_ACTIVITY_
Leave the pictures out. Retype exactly the lines below from the one containing "Handtag Främre Kpl Handtag Främre Kpl" through the one containing "Juicer Pulp Mini Muffins simple life by kels", and no others.

[DATA PROVIDED]

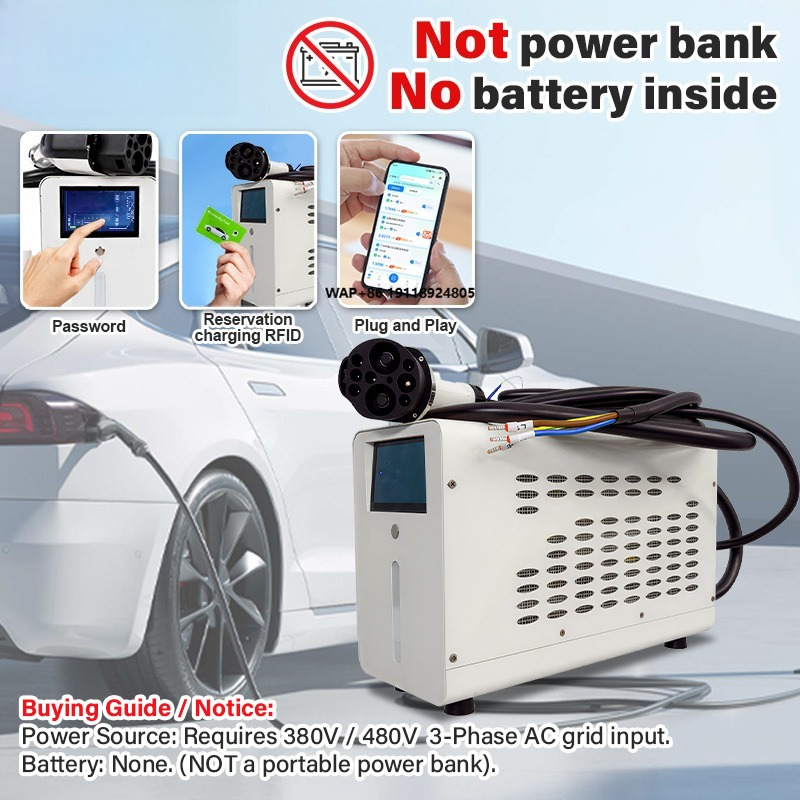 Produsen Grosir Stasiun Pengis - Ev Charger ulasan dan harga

[/DATA PROVIDED]
[DATA PROVIDED]

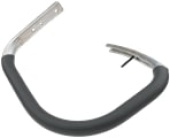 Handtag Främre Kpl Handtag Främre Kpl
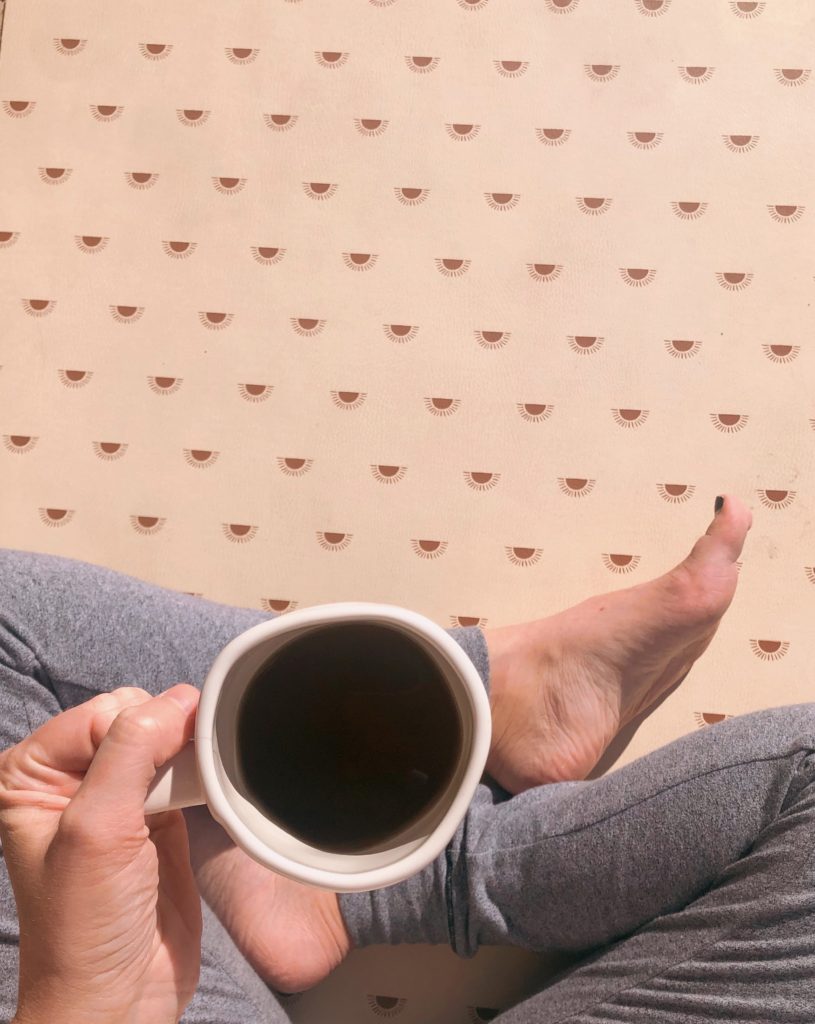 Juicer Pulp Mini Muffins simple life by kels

[/DATA PROVIDED]

_WRITTEN SOLUTION_
 Handtag Främre Kpl Handtag Främre Kpl
 Juicer Pulp Mini Muffins simple life by kels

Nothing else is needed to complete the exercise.